Se sei interessato a rilevare i server SPDY mentre navighi sul Web, ti servirà prima un browser che supporti SPDY (ad esempio Firefox 11+ o Chrome). In questo scenario, il modo migliore per rilevare SPDY dipende dal browser.
Per Chrome ci sono un paio di modi:
chrome://net-internals/#spdy per un elenco di tutte le connessioni SPDY attualmente aperte (perché le connessioni SPDY sono persistenti - dovrebbe essere presente ogni scheda che contiene un documento da un server che supporta SPDY). window.chrome.loadTimes().wasFetchedViaSpdy . Per Firefox, l'unico modo che conosco è cercare la presenza dell'intestazione di risposta X-Firefox-Spdy . Nota che affinché funzioni, devi abilitare il supporto SPDY (è attivo per impostazione predefinita a partire da Firefox 13, altrimenti - imposta network.http.spdy.enabled su true .

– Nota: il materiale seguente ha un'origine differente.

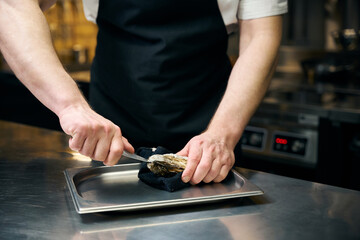 Cropped chef opening oyster with knife on iron tray for cooking dish at table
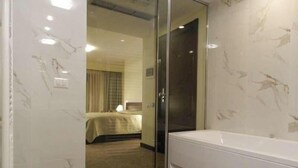 A hotel room with a glass door leading to a bedroom, a white bathtub, and a marble-patterned wall. - Kotoni (Tirana)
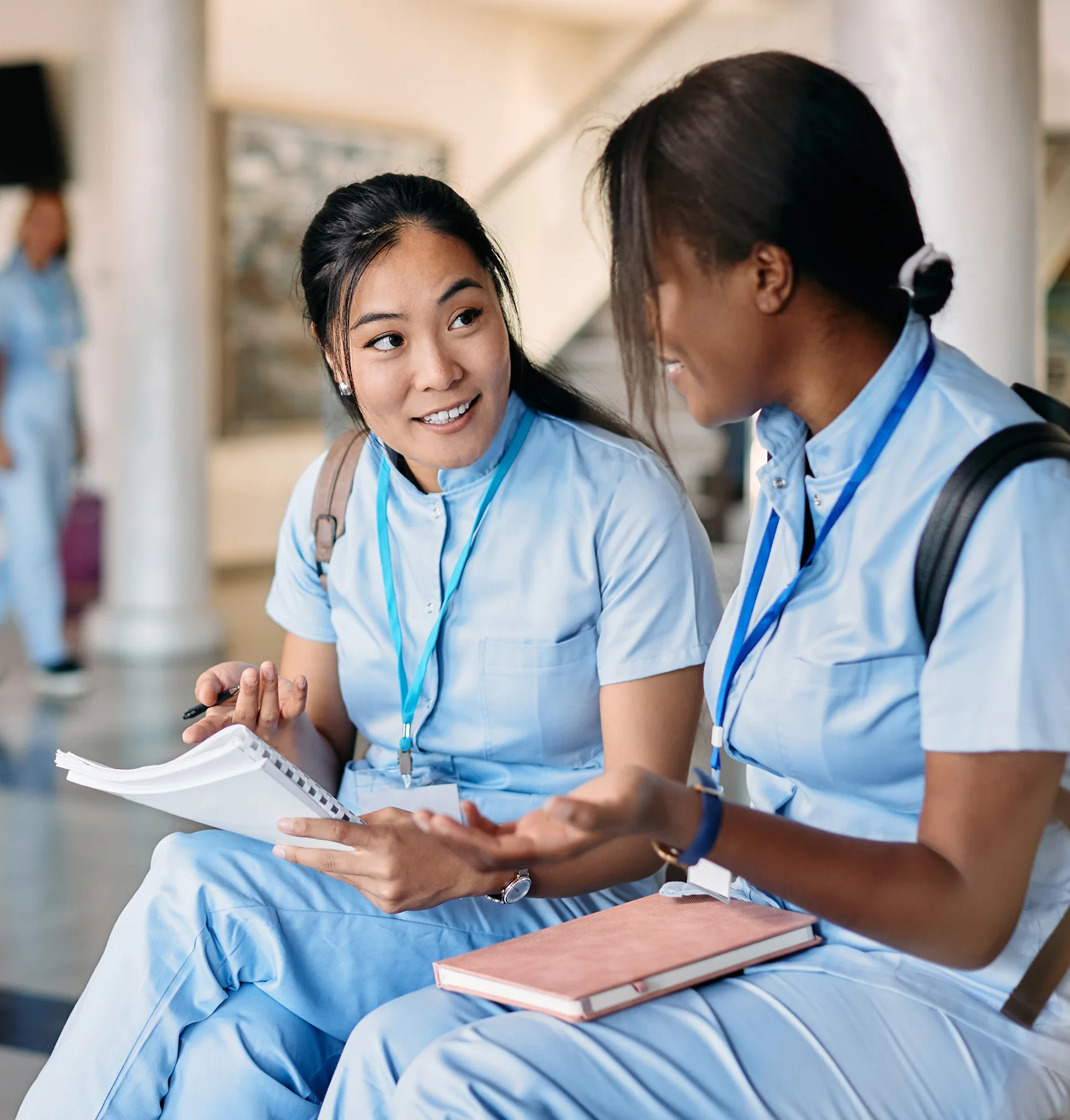 Two young women in light blue scrubs sit together indoors, discussing notebooks and nurse scheduling software, possibly students or healthcare professionals.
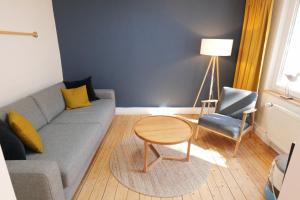 a living room with a couch and a table and a chair at NEU! Kleine Auszeit - ABC1 -nur Feriengäste! in Wismar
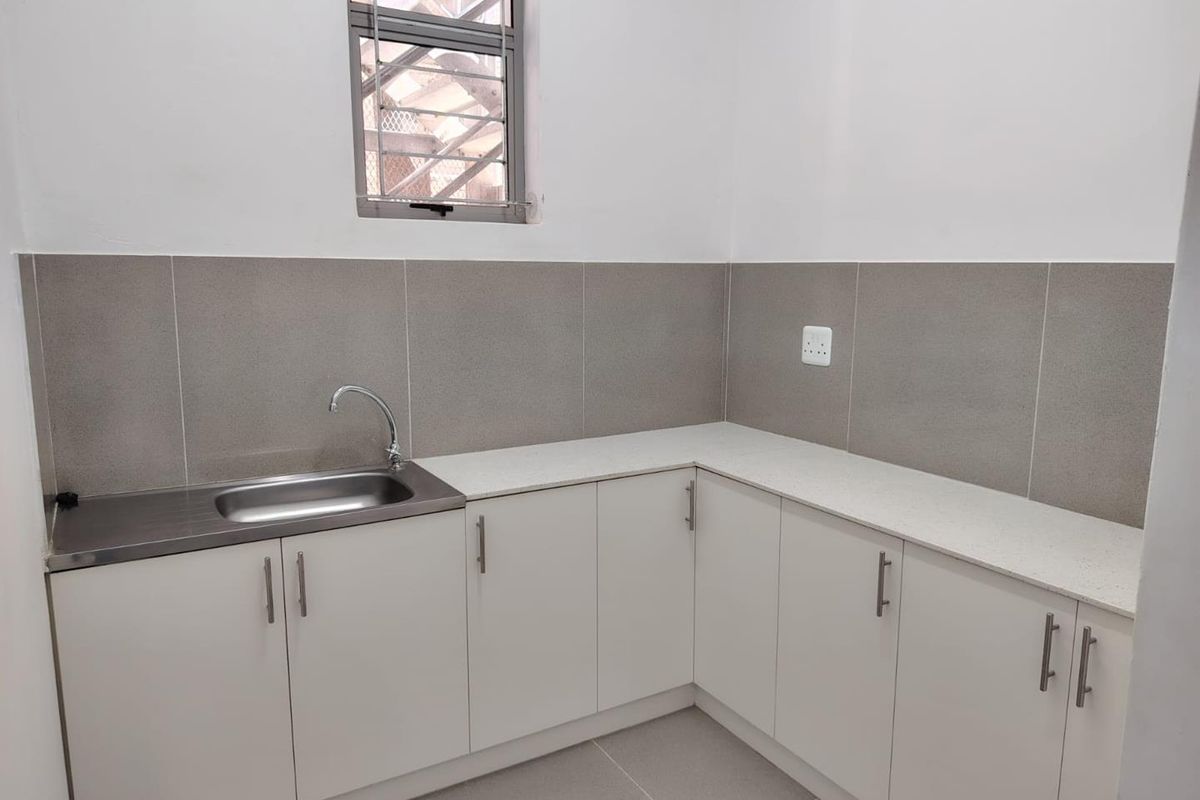 A clean, modern kitchenette area featuring white cabinetry, stone-look countertops, a stainless steel sink, and neutral tiled splashbacks.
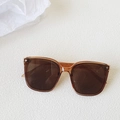 Amber square sunglasses with gradient brown lenses and star metal accents on the frame - Transparent Tea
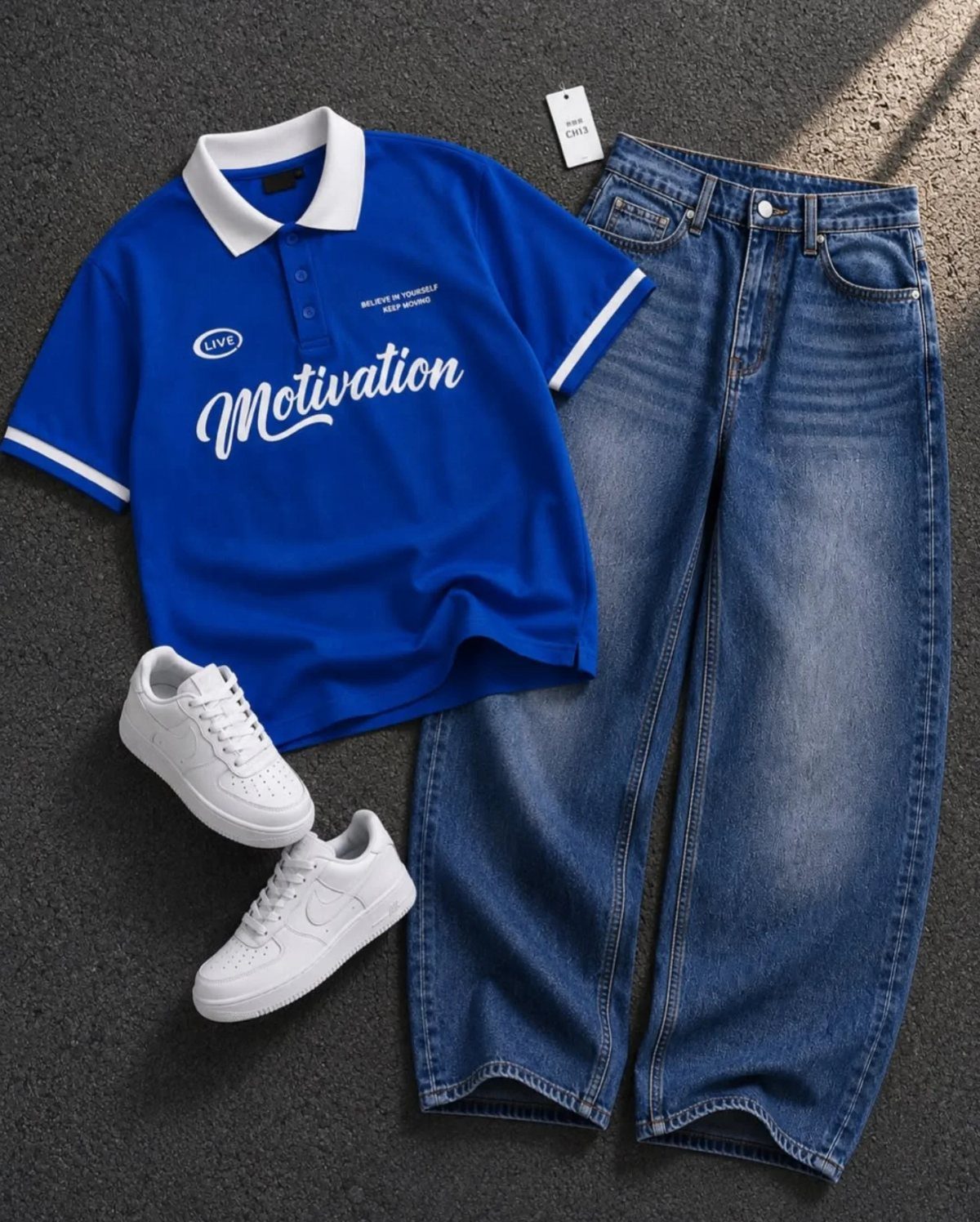 Blue polo shirt with white text, blue wide-leg jeans, and white sneakers on a dark background.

Tutto ciò dipende dall'utilizzo di un browser abilitato SPDY e dal controllo manuale dei server. Se desideri automatizzarlo, usa un browser che non supporta SPDY o semplicemente salta il browser: avrai bisogno di un'altra strategia. Come vedo, in questo caso hai due opzioni:
I server SPDY possono essere configurati per pubblicizzare il loro supporto di SPDY quando si inviano risposte HTTP. Ciò richiederebbe di ispezionare la presenza delle intestazioni Alternative-Protocol appropriate ( delineate in la bozza SPDY ).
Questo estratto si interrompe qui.